◆ Exercise brief:
Within the records that follow, restate exactly the lines from the line with "However, the gates, the" down to the line with "Hey everybody, welcome", including both. Omit the pictures.

★ ★ ★ ★ ★ ★ ★

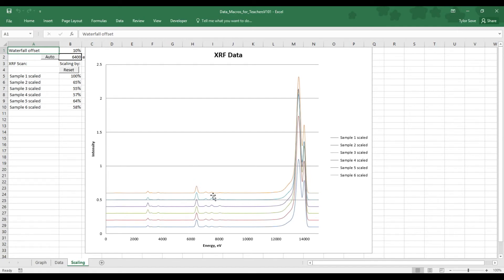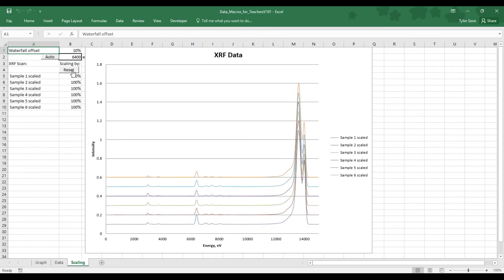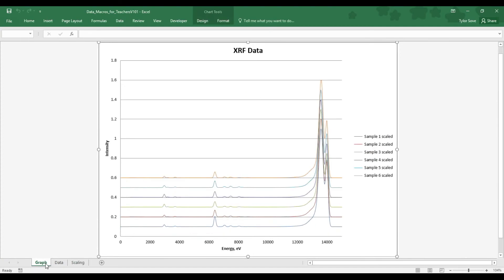Now, from here, if you want to undo this, simply select Reset. Now, to see where all of this is coming from, if we go down over here to the bottom left, we see three tabs. The Data tab contains the data, and the Graph tab contains just the graph.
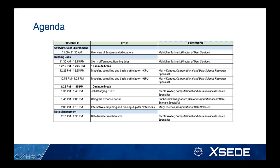We're starting our 10-minute break now, although people are free to keep chatting and asking questions. We'll come back at 12:25 where Marty Candace is going to talk about modules, compiling, and basic optimization for CPU and then GPU, running until about 1:25.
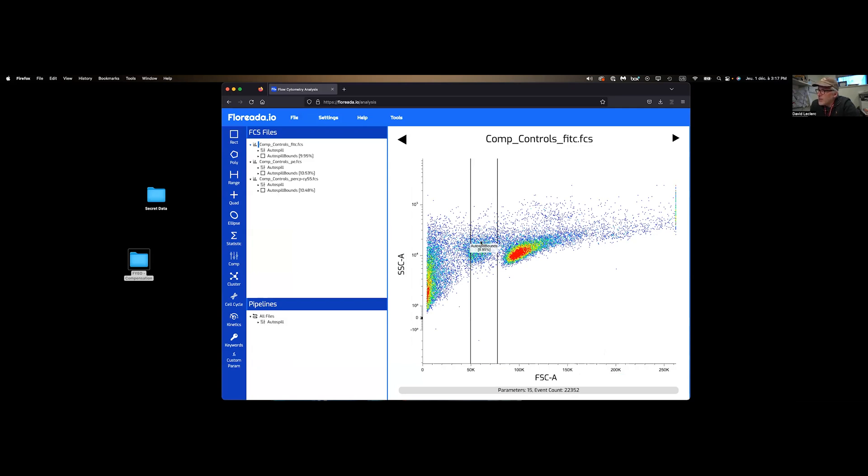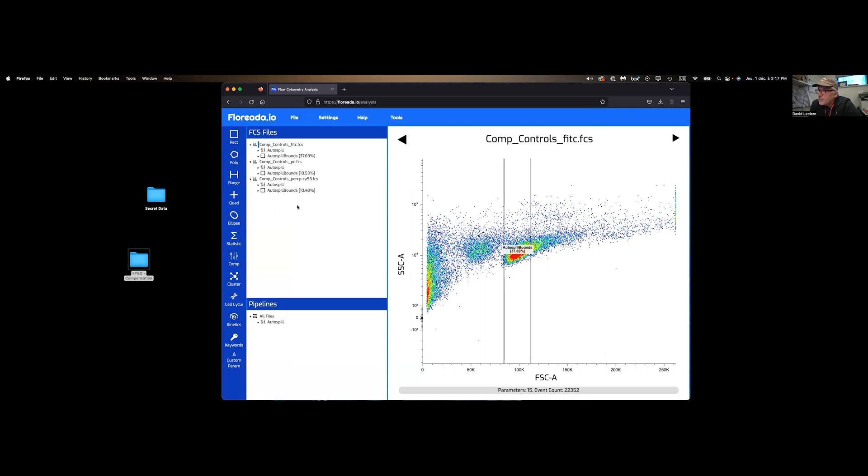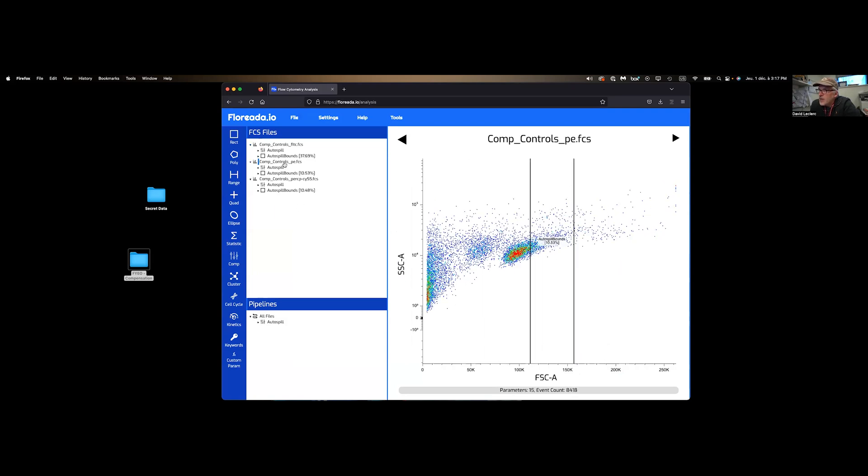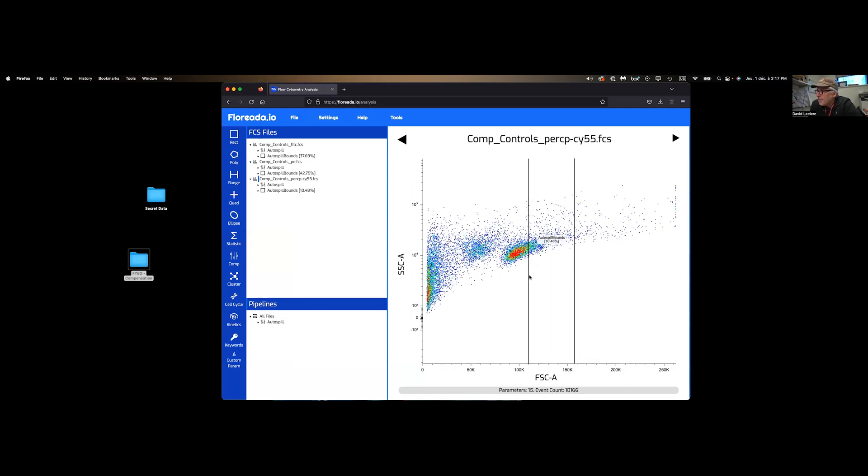However, the gates, the Autospill bounds are incorrect at this point. We want to gate on this main cluster over here, so you simply select your gate and move it around. We're going to do that for all of my parameters. After all this clicking, we're good to go.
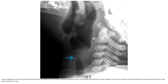Another case: lateral radiograph in an 18-month-old child with stridor and a history of prematurity requiring intubation. Narrowing and poor definition of the subglottic trachea is noted, with ballooning of the hypopharynx.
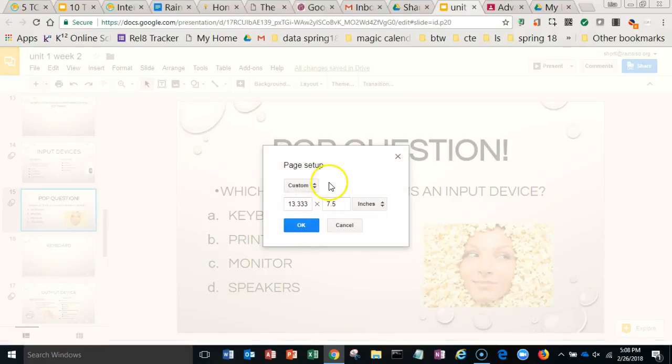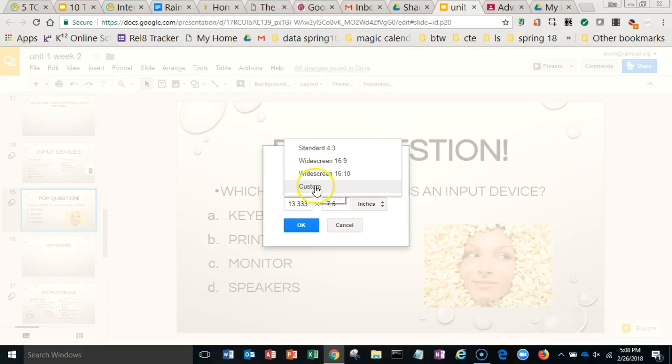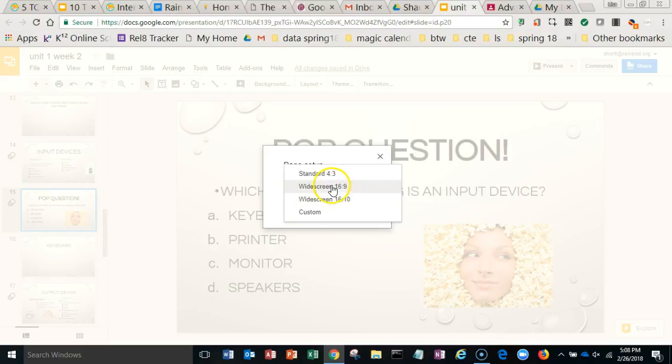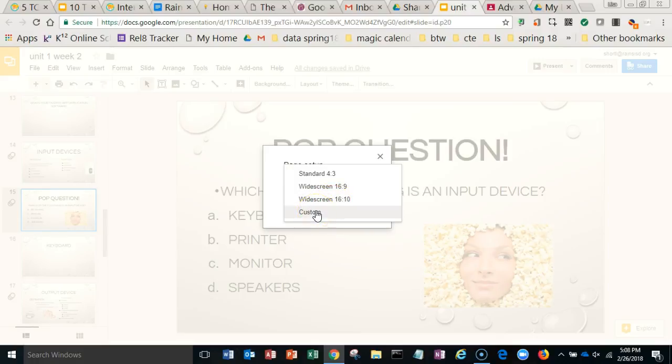Under Page Setup, we have our customization options here. We can make it widescreen, standard 4 by 3, 16 by 9, 16 by 10, or custom size. That might help in some of your presentations, especially if you're presenting on a screen that doesn't quite fit.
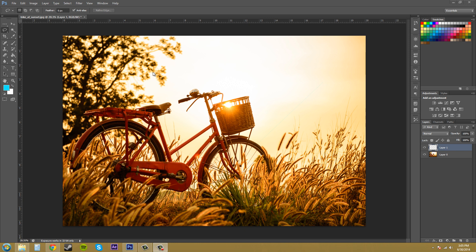Hey everybody, welcome to another Photoshop CS6 tutorial. I'm your host Buddy Blackbird and today we're going to be going over a few more selection tools: the Lasso Tool, Polygonal Lasso Tool, and Magnetic Lasso Tool. You can see that their hotkey is capital L. So let's get started.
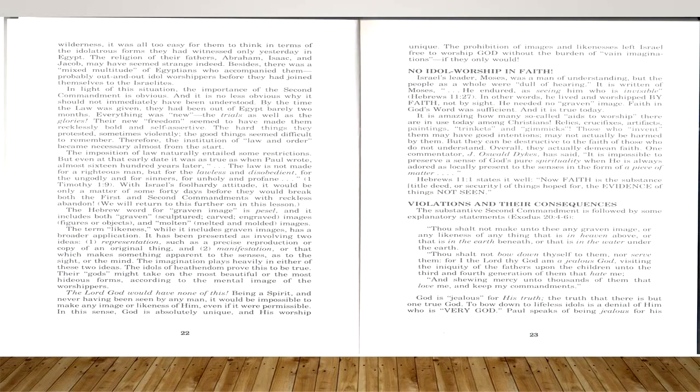By the time the law was given, they had been out of Egypt barely two months. Everything was new—the trials as well as the glories. Their new freedom seemed to have made them recklessly bold and self-assertive. The hard things they protested, sometimes violently. The good things seemed difficult to remember. Therefore, the institution of law and order became necessary almost from the start. The imposition of law naturally entailed some restrictions, but even at that early date it was as true as when Paul wrote about 1,600 years later: 'The law is not made for a righteous man, but for the lawless and disobedient, for the ungodly and for sinners, for unholy and profane,' 1 Timothy 1:9. With Israel's foolhardy attitude, it would only be a matter of some 40 days before they would break both the first and second commandments with reckless abandon.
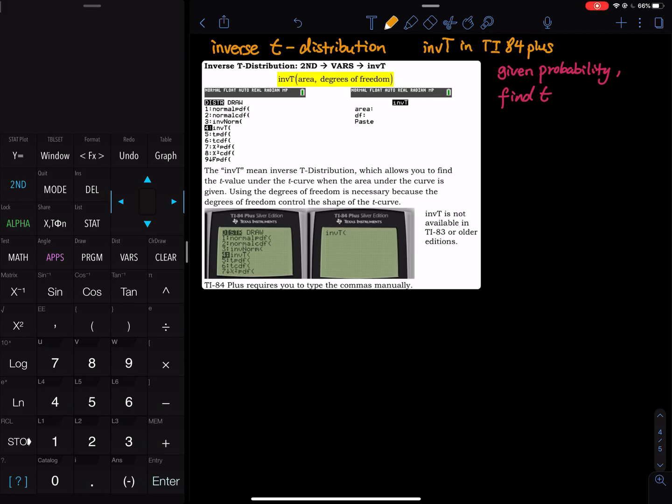In this video I would like to talk about the inverse t distribution command on a TI-84 graphing calculator. When do you use the inverse t distribution? If the problem gives you a probability and asks you to find the corresponding t value, most of the time the problem will put it in a finding percentile style.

★ ★ ★ ★ ★ ★ ★

◆ Exercise solution:
However, the gates, the Autospill bounds are incorrect at this point. We want to gate on this main cluster over here, so you simply select your gate and move it around. We're going to do that for all of my parameters. After all this clicking, we're good to go.
Another case: lateral radiograph in an 18-month-old child with stridor and a history of prematurity requiring intubation. Narrowing and poor definition of the subglottic trachea is noted, with ballooning of the hypopharynx.
Under Page Setup, we have our customization options here. We can make it widescreen, standard 4 by 3, 16 by 9, 16 by 10, or custom size. That might help in some of your presentations, especially if you're presenting on a screen that doesn't quite fit.
Hey everybody, welcome to another Photoshop CS6 tutorial. I'm your host Buddy Blackbird and today we're going to be going over a few more selection tools: the Lasso Tool, Polygonal Lasso Tool, and Magnetic Lasso Tool. You can see that their hotkey is capital L. So let's get started.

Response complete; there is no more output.